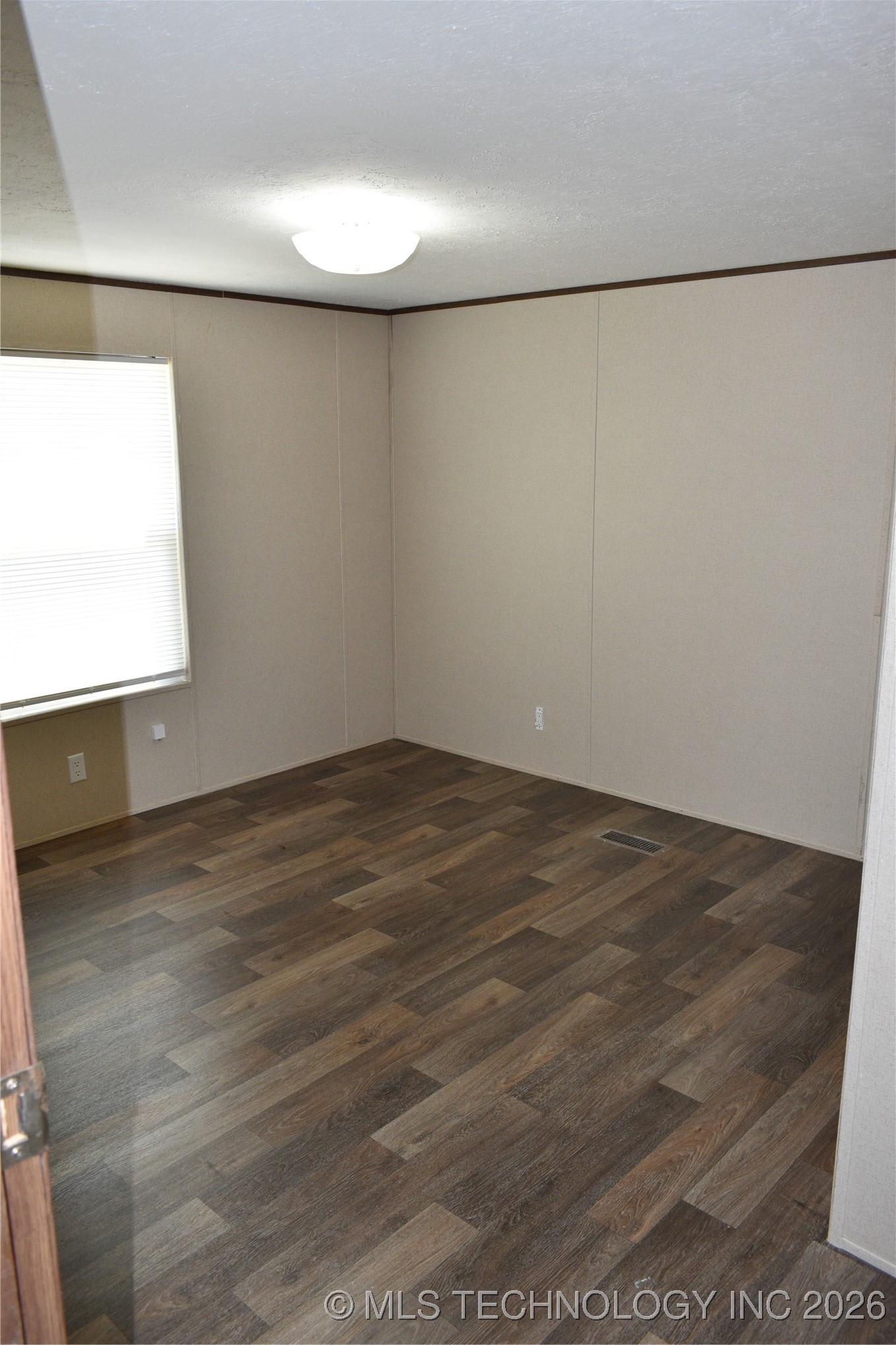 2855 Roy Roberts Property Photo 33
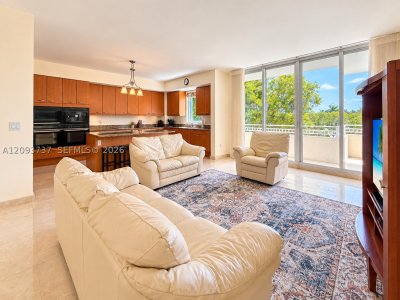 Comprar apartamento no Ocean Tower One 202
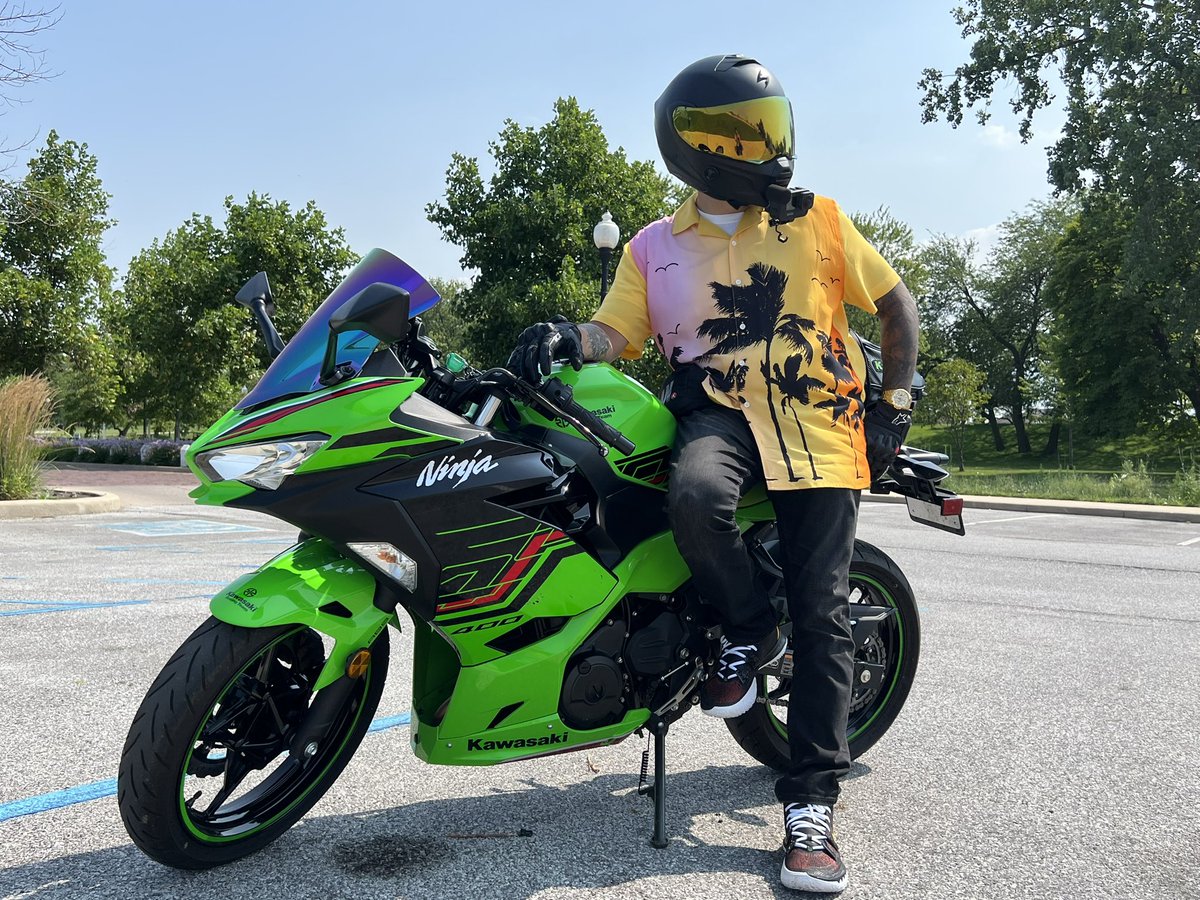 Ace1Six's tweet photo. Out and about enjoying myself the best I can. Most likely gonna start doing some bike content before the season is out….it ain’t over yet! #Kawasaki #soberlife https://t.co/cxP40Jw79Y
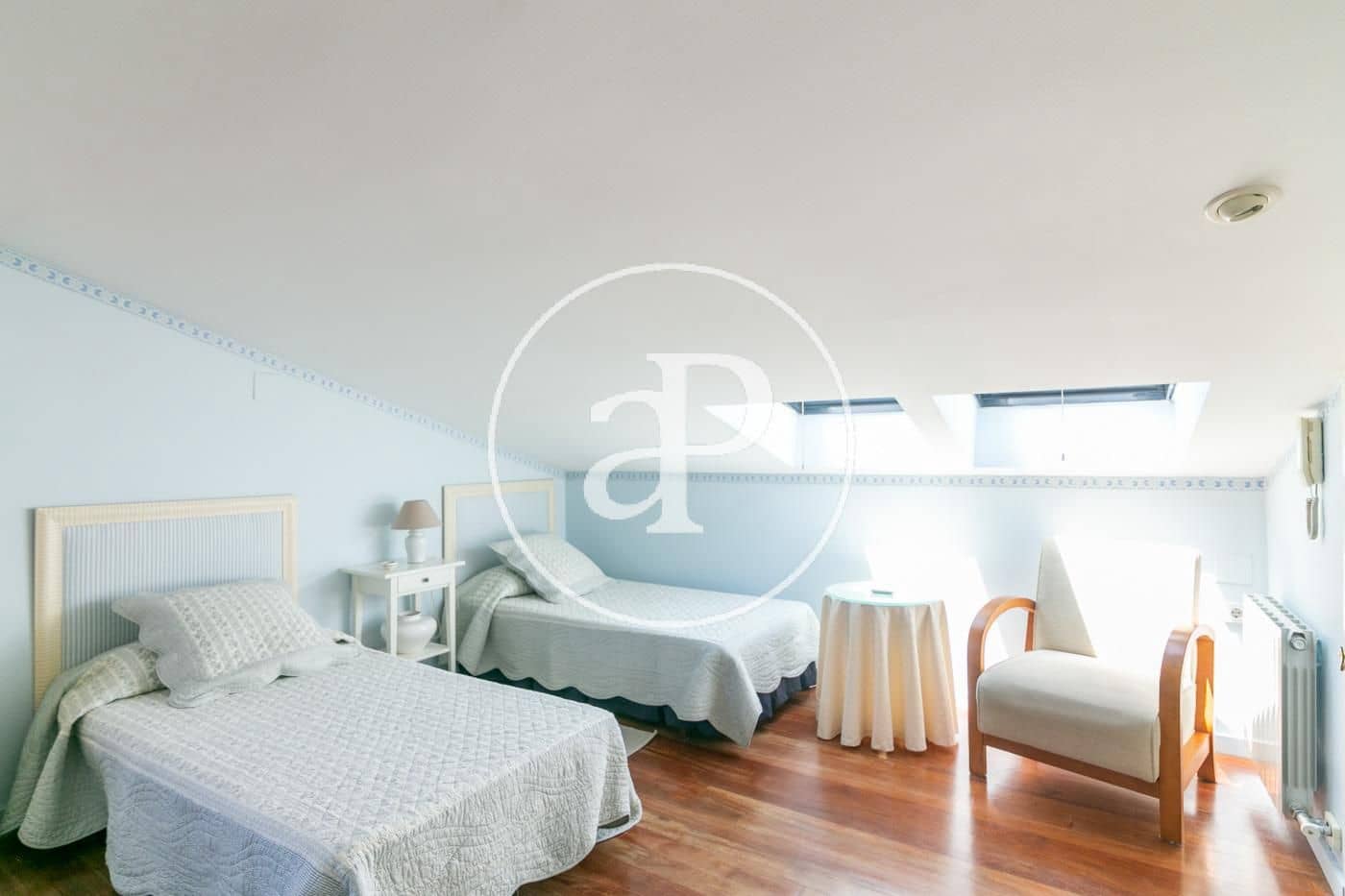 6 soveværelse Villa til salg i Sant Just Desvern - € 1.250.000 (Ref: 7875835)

--

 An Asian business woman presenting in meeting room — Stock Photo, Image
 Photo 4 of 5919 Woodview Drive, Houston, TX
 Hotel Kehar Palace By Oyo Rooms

...

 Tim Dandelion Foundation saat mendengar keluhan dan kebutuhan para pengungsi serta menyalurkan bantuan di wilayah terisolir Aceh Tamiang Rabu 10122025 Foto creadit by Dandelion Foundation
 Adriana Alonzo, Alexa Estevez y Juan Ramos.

[Problem to work on]: Reproduce the lines of the entries above from the one with "An Asian business" to the one with "Hotel Kehar Palace By Oyo Rooms", both included, exactly and without any other line.

[Response below]:
 An Asian business woman presenting in meeting room — Stock Photo, Image
 Photo 4 of 5919 Woodview Drive, Houston, TX
 Hotel Kehar Palace By Oyo Rooms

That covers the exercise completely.